The natural response to more is even more. Which traps marketing in an accelerating feedback loop of proliferation, excess and clutter. Which is the reason that attention is front and center these days as a research and business priority, with major initiatives by trade groups like the ARF, IPA, MRC, IAB and The Attention Council, as well as initiatives from practitioners like Kantar, Dentsu, Infillion, Microsoft, GroupM and Google.

The quandary is that marketers want more and more of what consumers have only so much to give.
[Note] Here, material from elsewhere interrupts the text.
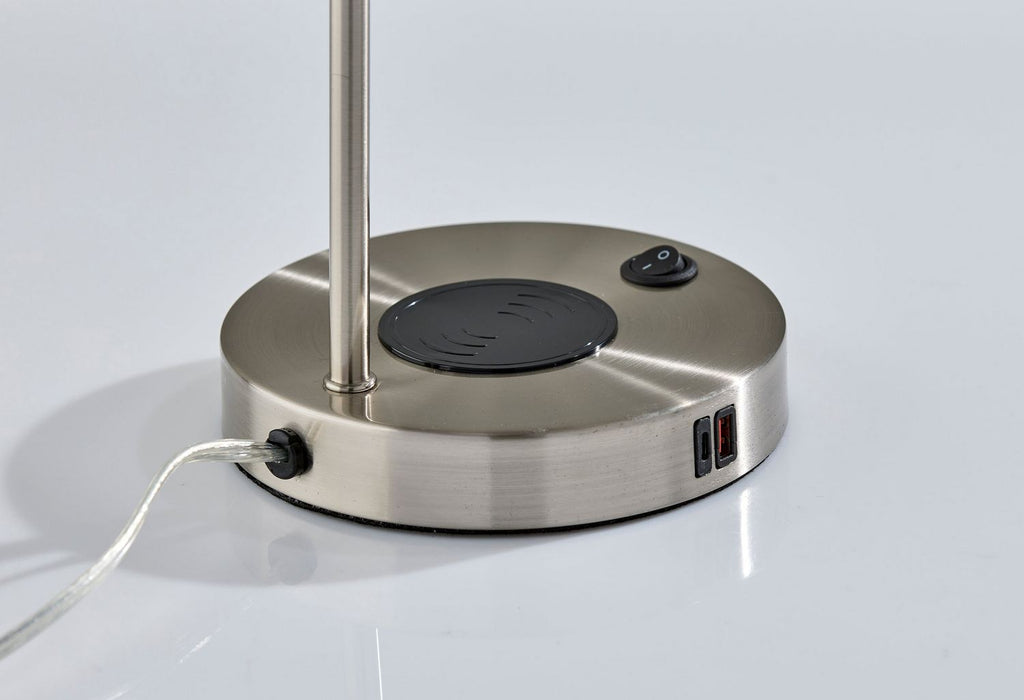 Adesso Home - 2609-22 - Desk Lamp - Rico - Brushed Steel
Cognitive Capacity is Fixed

Attention is limited. This is old news, yet it has enduring relevance. The post-WW2 surge of computing spurred a lot of work into the best ways to integrate computers with people. Information theory was an originating idea in the budding field of cognitive psychology (as it butted heads with behavioralist orthodoxy), from which came George Miller’s 1956 paper on the cognitive limits of working memory, “The Magical Number Seven, Plus or Minus Two.” Seven is our real-time cognitive capacity. Computer interfaces must be designed around that, and indeed everything else as well. The influence of Miller’s paper has been so great that it has its own Wikipedia page.

The related concept of the attention economy -- and its corollary elements of overload, scarcity, storage, processing and technology fixes -- was first articulated in a 1971 conference panel on computers and communications by Herbert Simon, whose innovative career was recognized with both the Turing and Nobel prizes.

In 1988, educational psychologist John Sweller followed up all this initial work by showing that learning could be improved by reducing the cognitive load involved in problem-solving. Which is to say that people have to throttle their attention to keep from being overwhelmed by overload, and learning protocols must reflect this.

In short, consumers are trying to do less. While marketers are trying to do more. From which comes clutter, people’s first impression of marketing.

The Consumer Gripe is Clutter

Clutter comes from the mismatch between cognitive capacity and the quantity of information consumers must sort through to find what they want.

Consumers have no gripe with marketing, especially not with ads. Consumers like ads. What they dislike is clutter. Increasingly, though, it can be hard to separate one from the other. Because marketing is part of the clutter, and ads are often the biggest part—the unfortunate but unavoidable consequence of our overfull information society. Well before consumers can attend to ads they must deal with clutter.

The shopping journey is a jaunt through clutter. What consumers encounter is clutter -- it is their first impression of marketing and their most common experience of marketing. Clearing a way through clutter is the process by which consumers are finally able to pay attention to ads.

This issue is misunderstood, though. Push back by consumers is not about ads. Consumers are not resisting marketing. They are dodging clutter. Consumers like ads. The issue is clutter. Consumers hate clutter.

Consumers are more than happy to invest time with marketing if it’s not wasted time. Clutter is annoying because time sorting through clutter is of no value. Clutter gets in the way of what consumers want.

Marketing Works but Could Work Better

Clutter notwithstanding, advertising—and marketing in general -- still works. Consumers need information to make good decisions. Ads continue to sell products, influence pop culture and elect politicians. Marketers keep spending because there is a measurable return on these investments.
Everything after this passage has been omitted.